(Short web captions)
# # # #

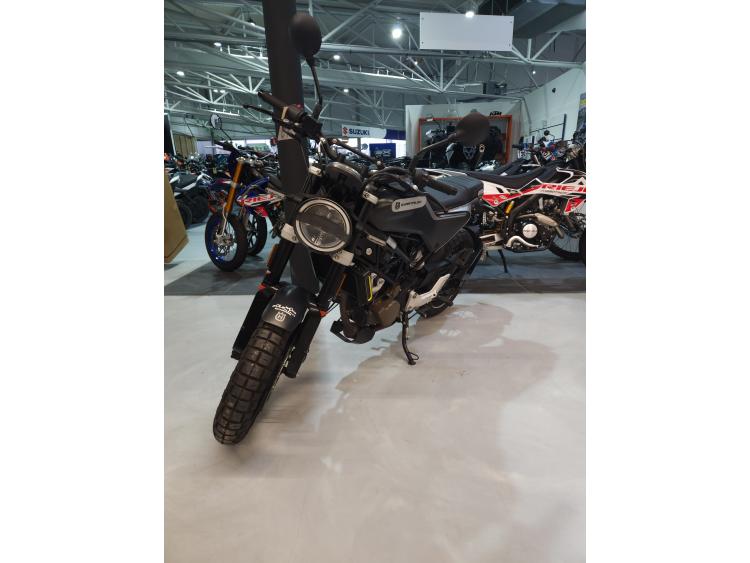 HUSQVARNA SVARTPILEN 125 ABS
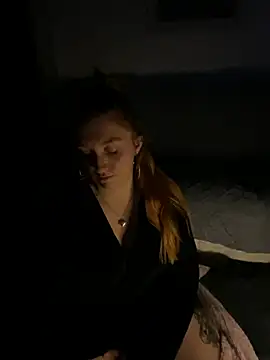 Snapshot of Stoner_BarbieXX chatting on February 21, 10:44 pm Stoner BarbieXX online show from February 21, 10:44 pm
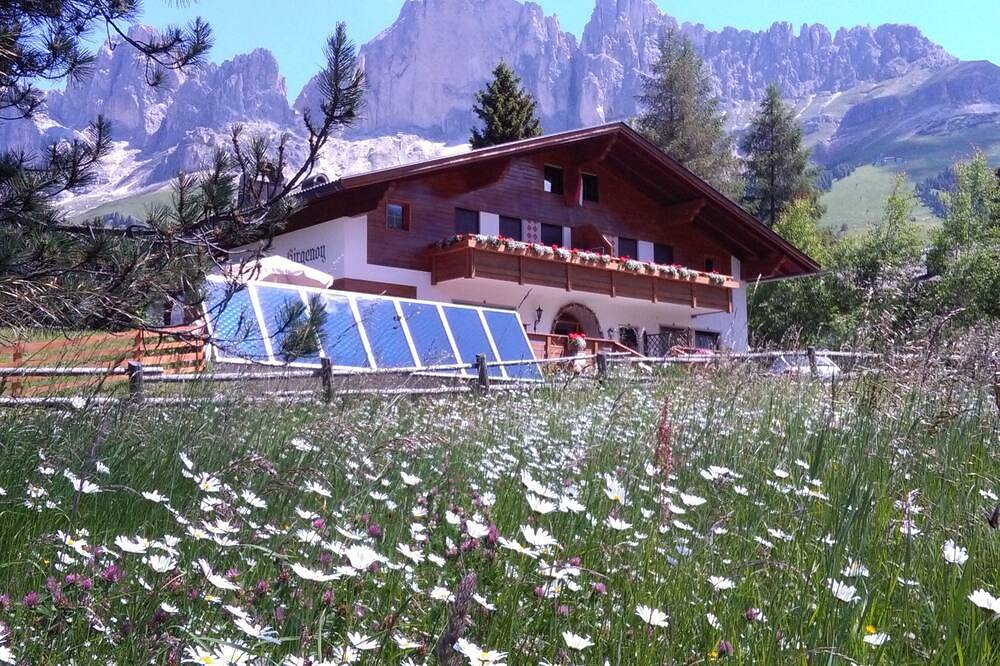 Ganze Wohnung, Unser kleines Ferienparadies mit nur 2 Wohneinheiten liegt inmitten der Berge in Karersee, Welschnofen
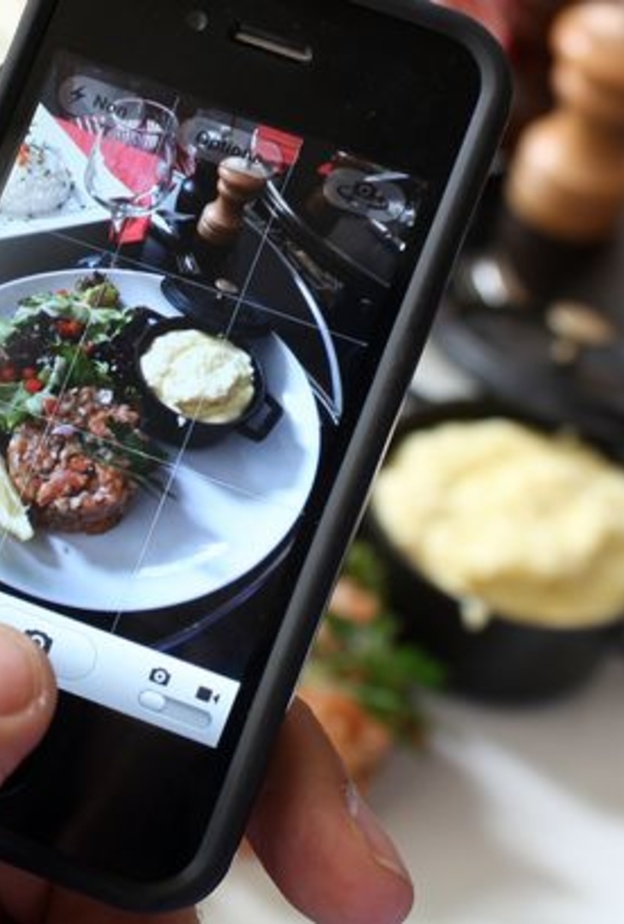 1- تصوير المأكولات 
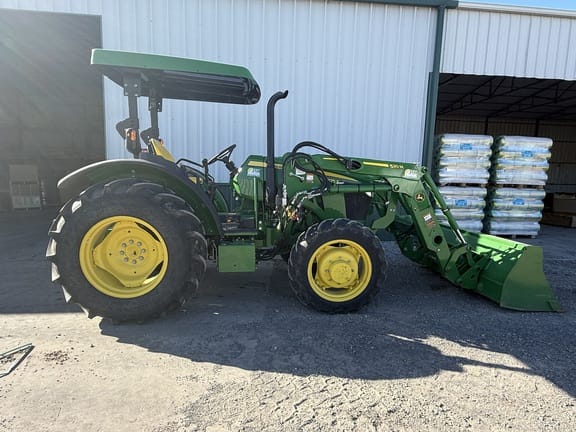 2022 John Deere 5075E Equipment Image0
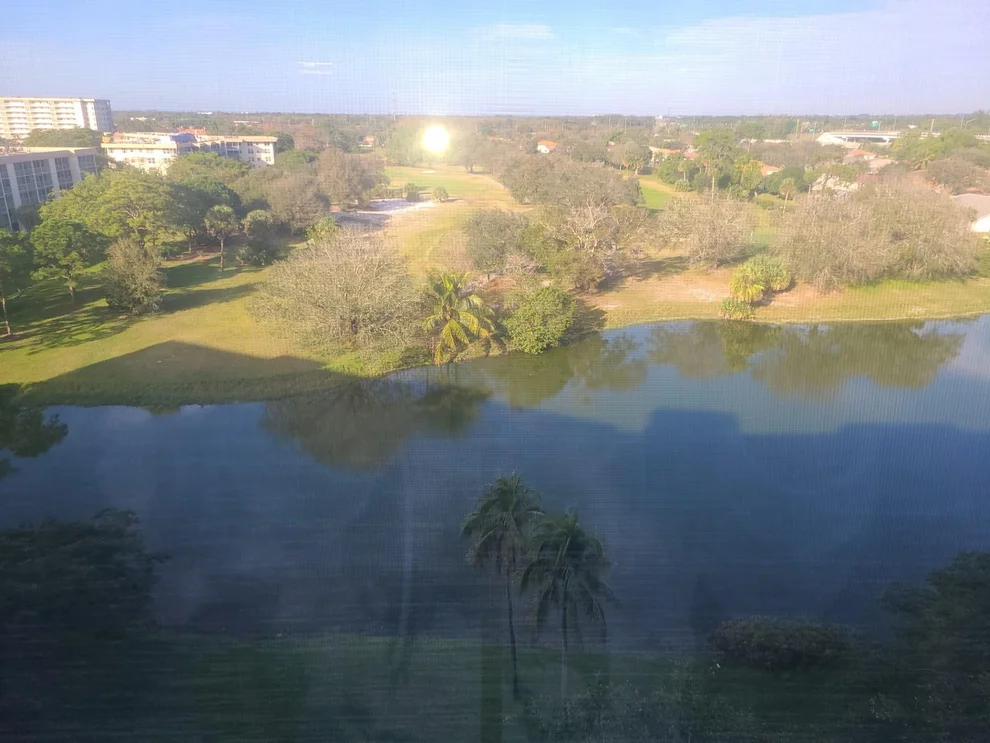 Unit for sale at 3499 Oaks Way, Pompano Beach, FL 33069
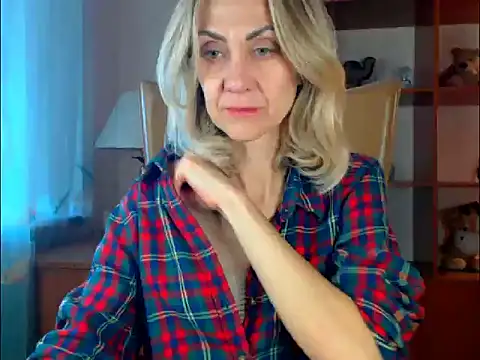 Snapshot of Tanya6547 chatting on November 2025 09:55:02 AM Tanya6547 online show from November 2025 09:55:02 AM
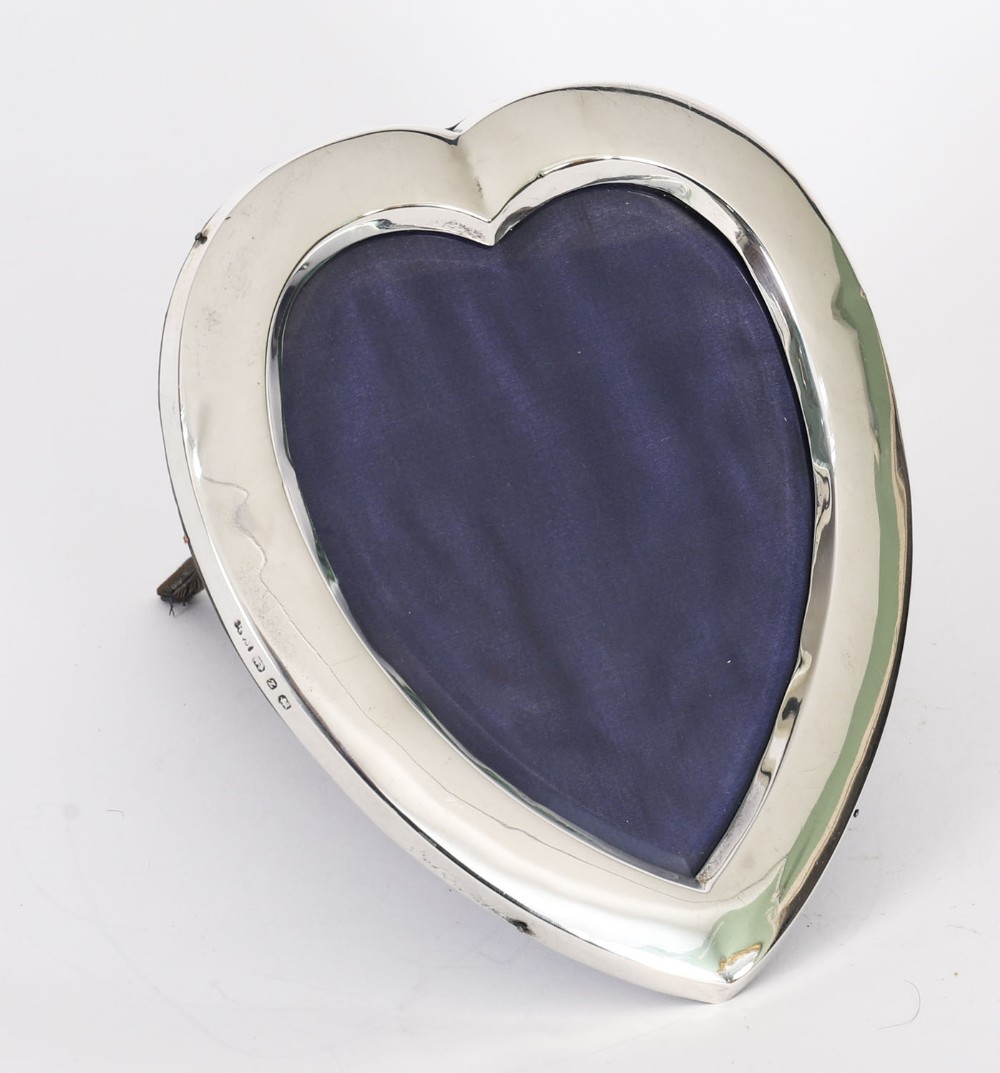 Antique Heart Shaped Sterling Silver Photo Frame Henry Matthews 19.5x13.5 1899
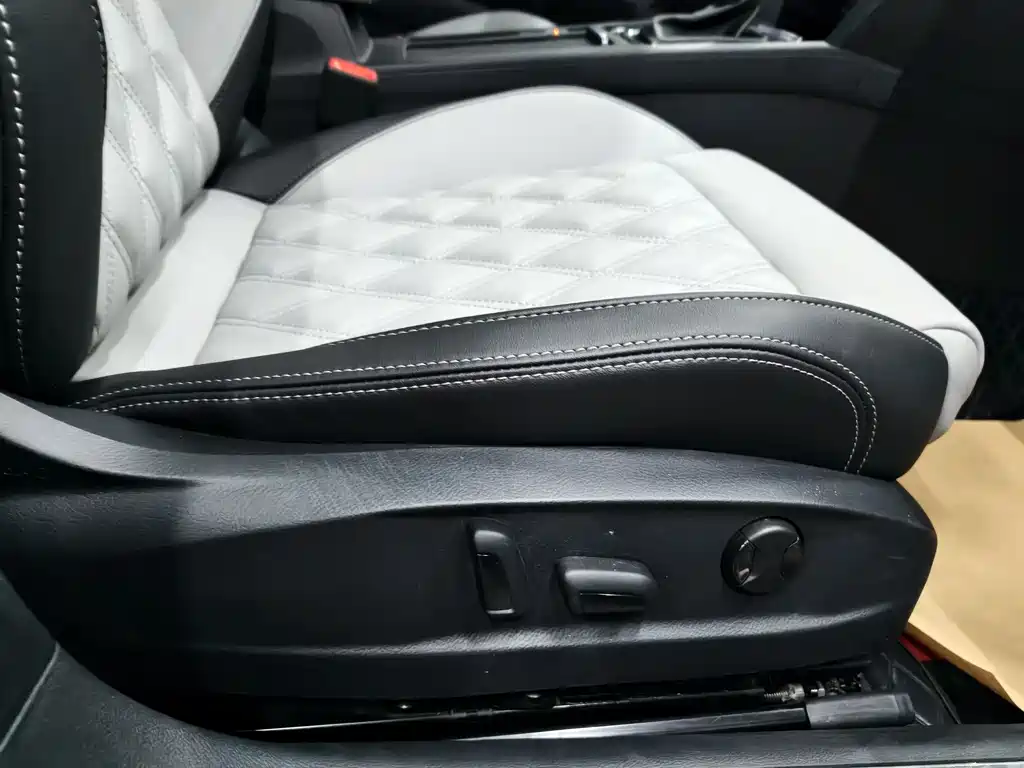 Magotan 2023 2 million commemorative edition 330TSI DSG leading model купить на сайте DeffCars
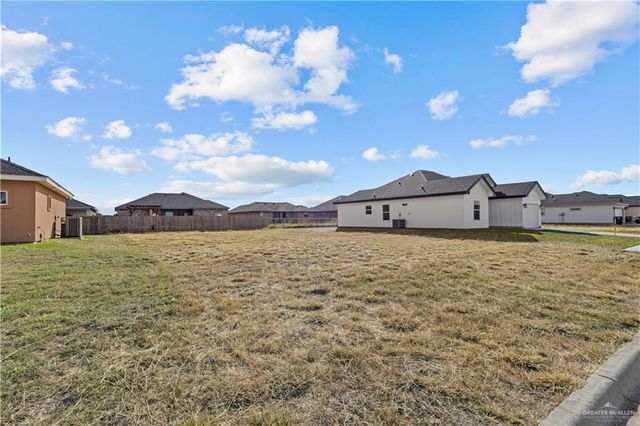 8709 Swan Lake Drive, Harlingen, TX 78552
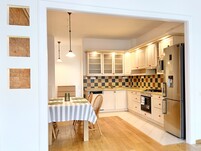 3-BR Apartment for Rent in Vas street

# # # #

Task directions:
Only an exact copy of the lines from the one with "Antique Heart Shaped" through the last line of the data above is wanted, and no pictures.

Finished exercise:
 Antique Heart Shaped Sterling Silver Photo Frame Henry Matthews 19.5x13.5 1899
 Magotan 2023 2 million commemorative edition 330TSI DSG leading model купить на сайте DeffCars
 8709 Swan Lake Drive, Harlingen, TX 78552
 3-BR Apartment for Rent in Vas street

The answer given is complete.